Juste en face, au 14, se trouvent un musée qui retrace l’œuvre de l'artiste et le Gainsbarre, piano-bar.
Soutenue par des partenaires publics et la marque de luxe Saint Laurent, plébiscitée par le public, la Maison Gainsbourg affiche complet jusqu'à la fin de l'année.
Mais derrière cette façade, sa situation financière a déjà viré au rouge, comme l'a révélé L'Informé. En cessation de paiement depuis le 9 août, la société d'exploitation de l'hôtel particulier de Serge Gainsbourg et de ses annexes (SEHPSGA) a demandé un placement en redressement judiciaire, acté par le tribunal de commerce de Paris le 18 septembre, soit deux jours avant de souffler sa première bougie.
En mars 2023, le tribunal avait déjà dû statuer autour d'un litige entre les deux associés du projet - 50% chacun -, à savoir Charlotte Gainsbourg et Dominique Dutreix, promoteur immobilier via sa société Coffim, condamné à une peine avec sursis dans l'affaire Elf.
Dette d'1,5 million d'euros
Tous deux avaient pourtant validé "un accord de partenariat", en décembre 2019, convenant que Charlotte Gainsbourg ne donnerait "aucune garantie" dans l'obtention d'emprunts bancaires pour réaliser les travaux d'aménagement et les dépenses de fonctionnement de l'hôtel et du musée.
Le fonds de roulement de la SEHPSGA devait être alimenté par des "comptes courants d'associés mis en place exclusivement par Dominique Dutreix", précise l'accord, soulignant que celui-ci s'engageait à demander remboursement "lorsque les sociétés seront bénéficiaires".
Mais le tribunal relève que dès 2022, des "prélèvements litigieux" de plus de 482.000 euros sont réalisés entre M. Dutreix comme président de la Coffim et M. Dutreix gérant de la SEHPSGA, "sans la moindre notification" et contrevenant au code du commerce.
Ces opérations financières non conformes conduisent à une situation critique des comptes... au passage entachés d'irrégularités car n'ayant jamais été approuvés.
La société d'exploitation n'a pas non plus bénéficié du fonds de roulement nécessaire pour lancer l'activité, qui démarre sans payer ses fournisseurs et prestataires: gardiennage, nettoyage, syndic, électricité, expert-comptable...
La liste des impayés s'accumule et l'ardoise tombe: la SEHPSGA, "malgré un endettement bancaire à hauteur de 3,5 millions d'euros, montre une dette fournisseurs de 1,6 million d'euros" environ, comptabilise le tribunal de commerce.
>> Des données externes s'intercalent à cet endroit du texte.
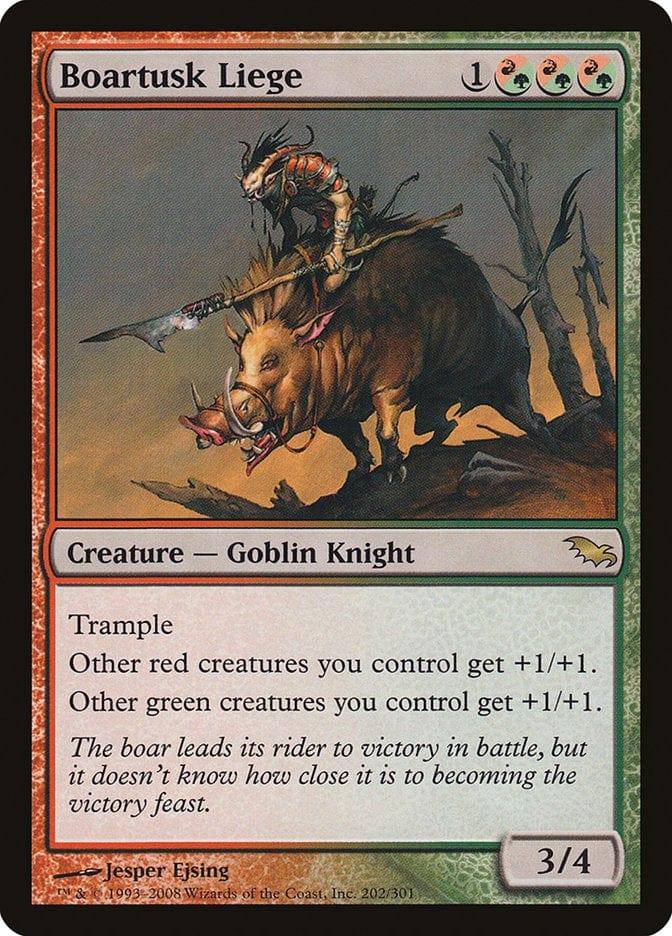 Magic: The Gathering MTG Single Boartusk Liege [Shadowmoor]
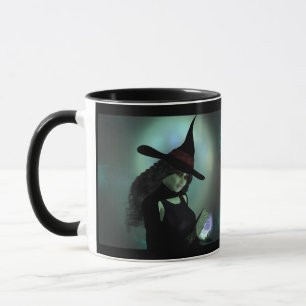 Mug Une sorcière méchante qui fait un sort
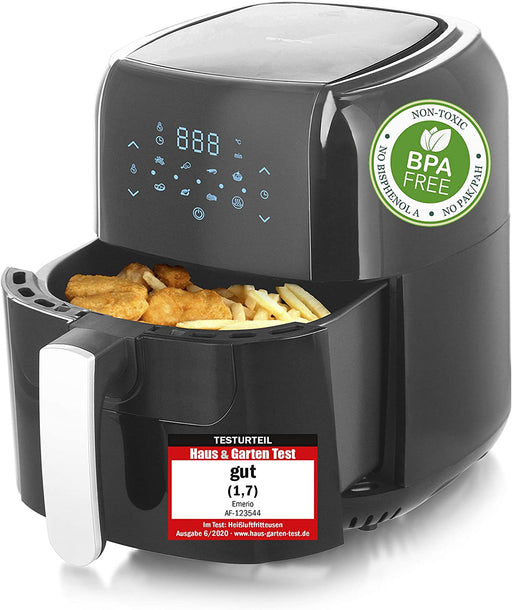 Heißluftfritteuse, Airfryer, Smart Fryer, DIGITAL, Frittieren ohne Öl, leicht zu reinigen, 5.5 Liter Volumen, 1400 Watt, BPA frei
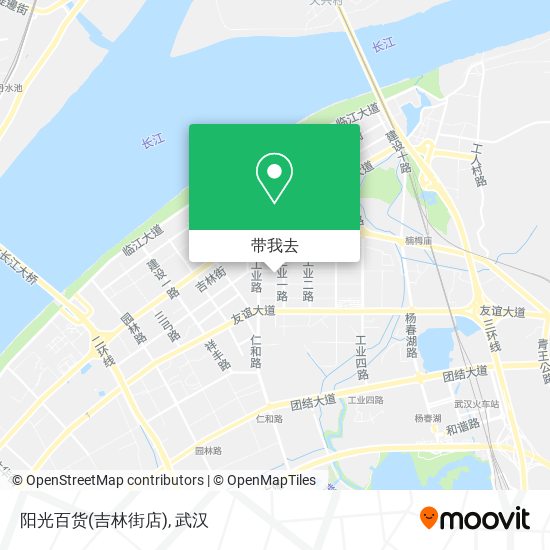 阳光百货(吉林街店)地图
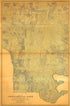 Map of Chickamauga Park from Atlas of the Battlefields of Chickamauga, Chattanooga and Vicinity 1896 by Relic Map Company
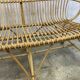 Vintage rattan bench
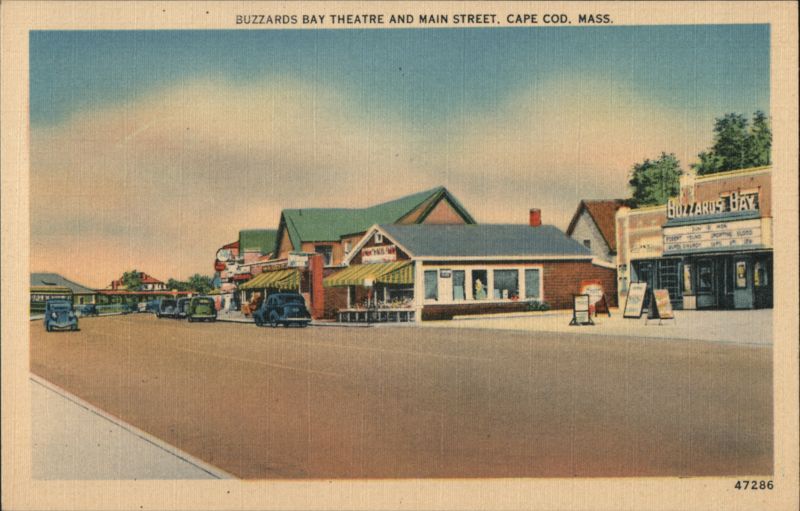 Buzzards Bay Theatre, Main Street, Cape Cod, MA Massachusetts
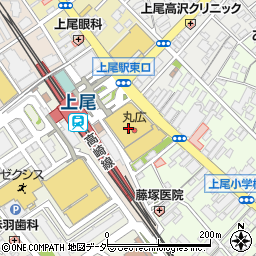 上尾 四川飯店周辺の地図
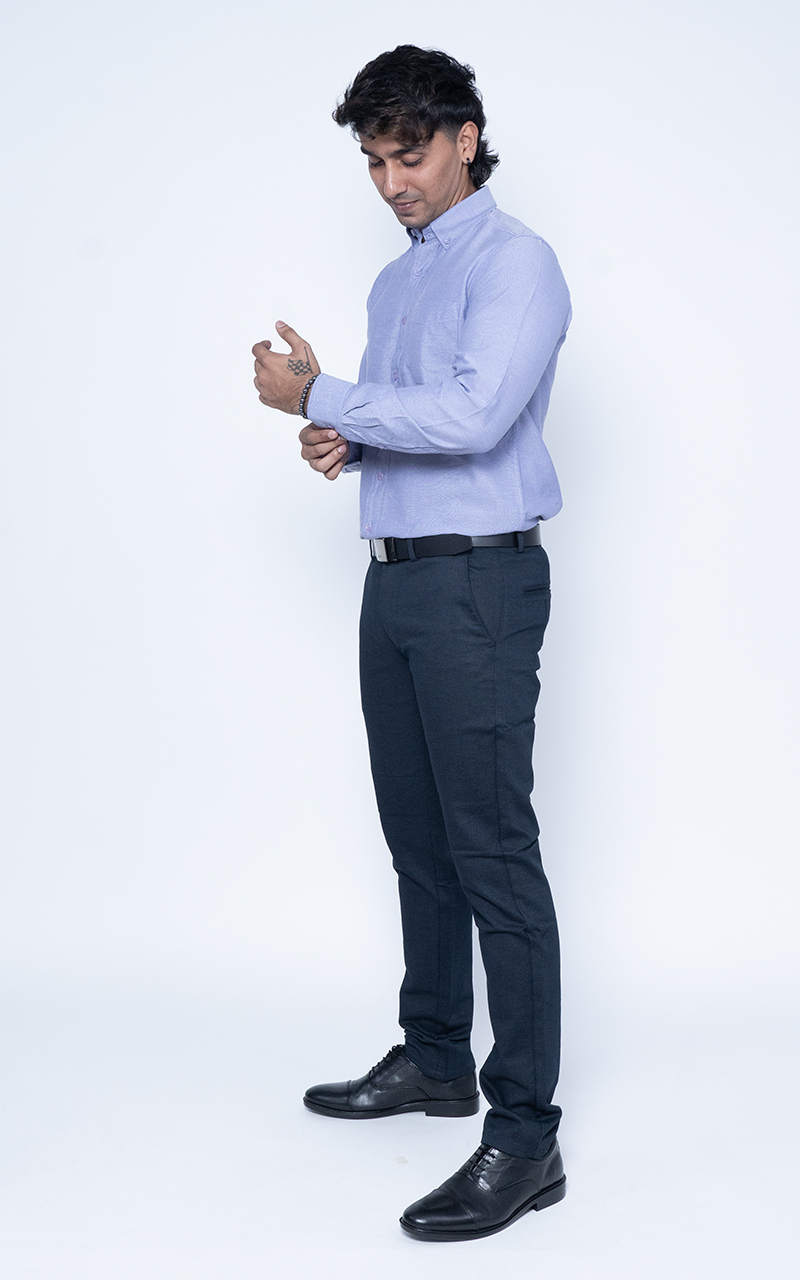 Dark Purple Collar Shirt – Regal Premium Look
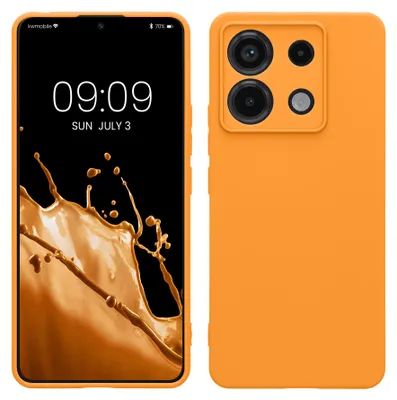 Produktbild von kwmobile Handyhülle für Xiaomi Redmi Note 13 Pro 5G / Poco X6 5G Hülle - weiches Handy Silikon Case - Schutzhülle Cover - Fruity Orange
Lors de la procédure, M. Dutreix a contesté certaines dettes, expliqué être en capacité d'apporter de nouveaux financements bancaires et estimé in fine que l'accord de partenariat manquait de clarté quant aux obligations des parties. Ce document est pourtant "parfaitement clair", selon le tribunal dans son ordonnance.
Les juges ont donc condamné le 28 mars l'associé Dutreix à rembourser à la société d'exploitation un montant total d'environ 1,5 million d'euros. Soit près de l'équivalent du montant des dettes à court terme, qui ont conduit à la cessation de paiements.
Quid de l'avenir de la Maison Gainsbourg, désormais gérée par une administratrice judiciaire ?
"La société est rentable mais elle a accumulé une dette ancienne liée à son démarrage et elle ne peut pas faire face à cette dette à court terme", déclare à l'AFP Me Jean Aittouares, conseil de Charlotte Gainsbourg, balayant toute hypothèse de fermeture.
"La révolution de ce dossier, c’est quand Charlotte Gainsbourg se rend compte des sommes détournées et que des créanciers ne sont pas payés", souligne-t-il.
Contacté par l'AFP, l'avocat de Dominique Dutreix n'a pas donné suite.
Le tribunal de commerce doit observer dans quelle mesure et par quels moyens la Maison Gainsbourg peut s'extirper de ce mauvais pas: il statuera sur le maintien de la phase d'observation, prévue pour durer six mois, lors d'une audience début novembre.